**DATA FOR THE TASK:**
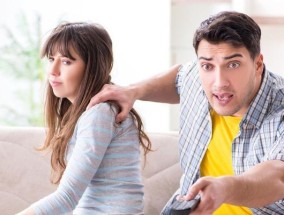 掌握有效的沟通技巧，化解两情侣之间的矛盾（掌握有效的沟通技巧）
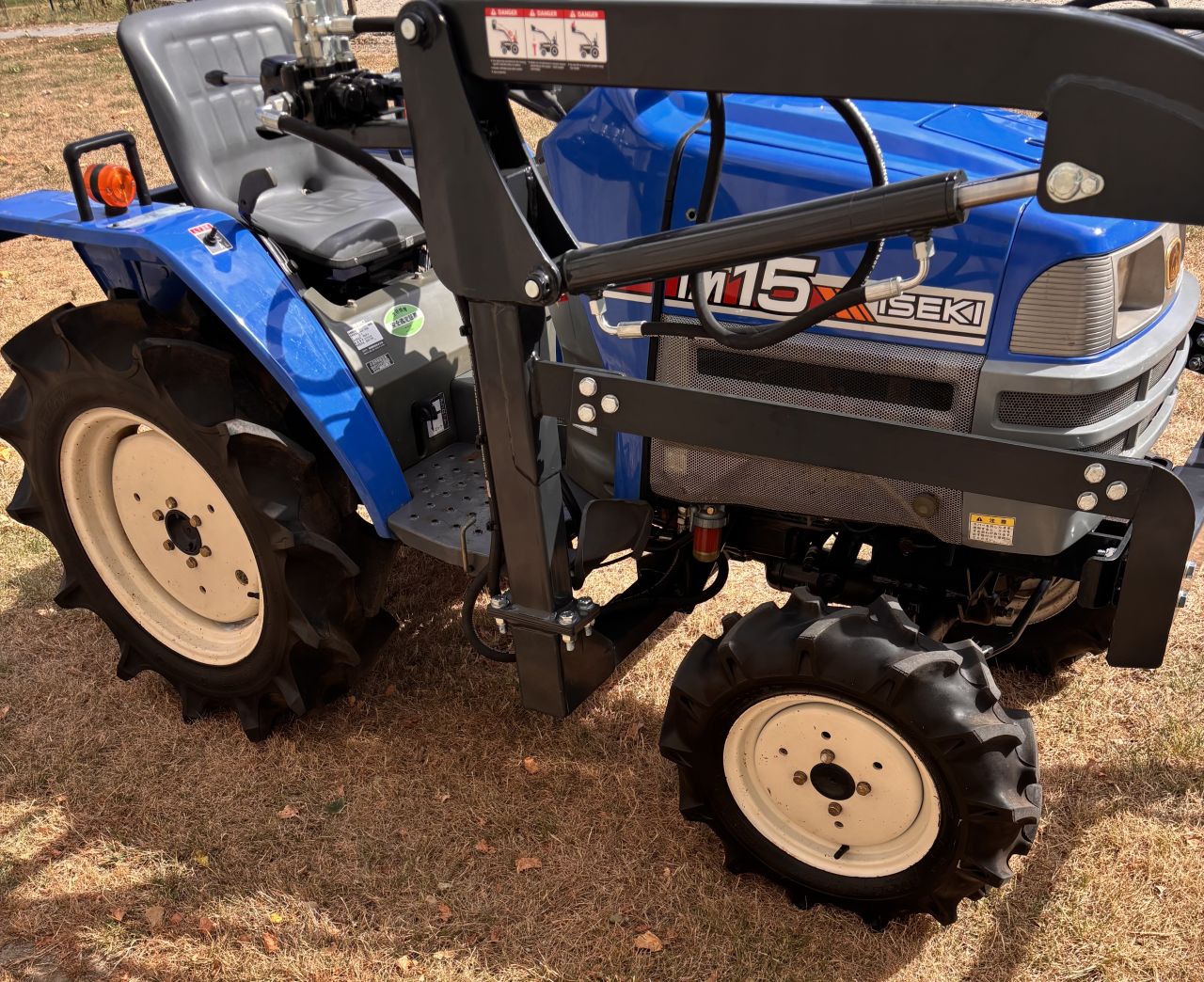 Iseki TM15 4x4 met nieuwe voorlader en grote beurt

--

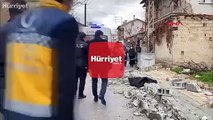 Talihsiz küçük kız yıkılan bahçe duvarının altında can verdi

==

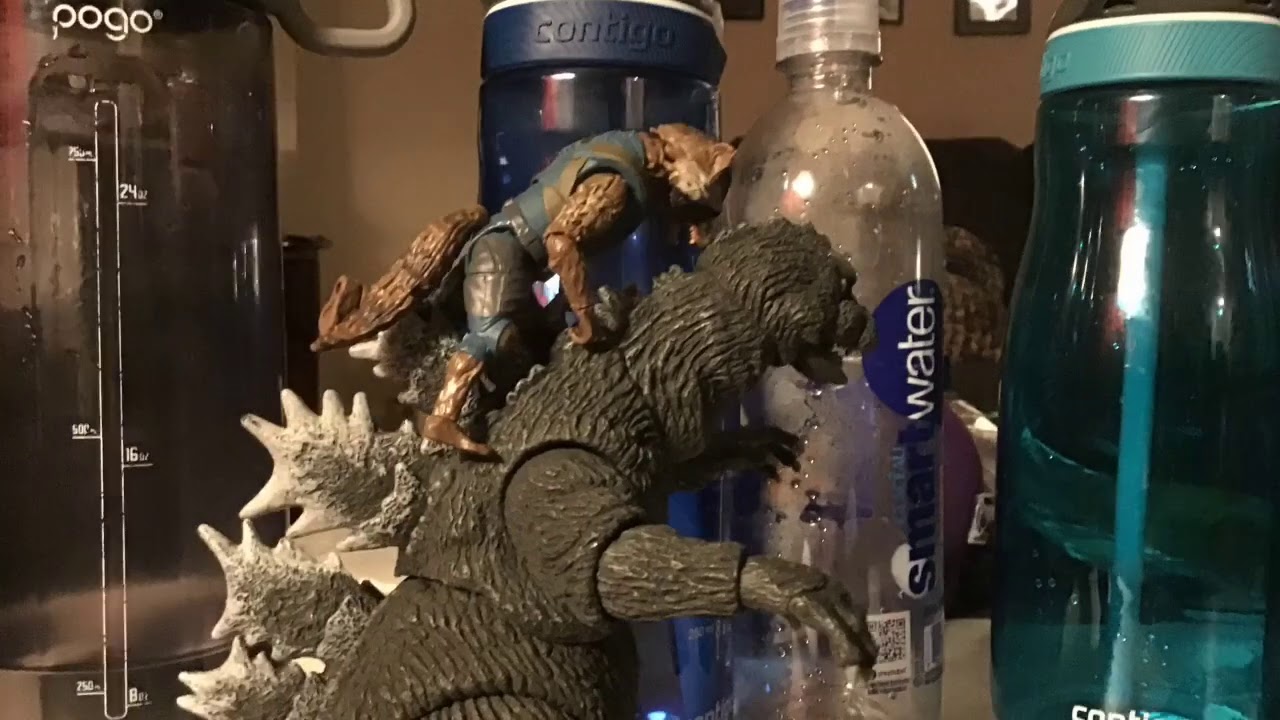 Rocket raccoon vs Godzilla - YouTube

**PROBLEM:** Copy out exactly the lines above beginning with the line that contains "掌握有效的沟通技巧，化解两情侣之间的矛盾（掌握有效的沟通技巧）" and finishing with the line that contains "Iseki TM15 4x4", including both; leave the pictures out.

**FINISHED EXERCISE:**
 掌握有效的沟通技巧，化解两情侣之间的矛盾（掌握有效的沟通技巧）
 Iseki TM15 4x4 met nieuwe voorlader en grote beurt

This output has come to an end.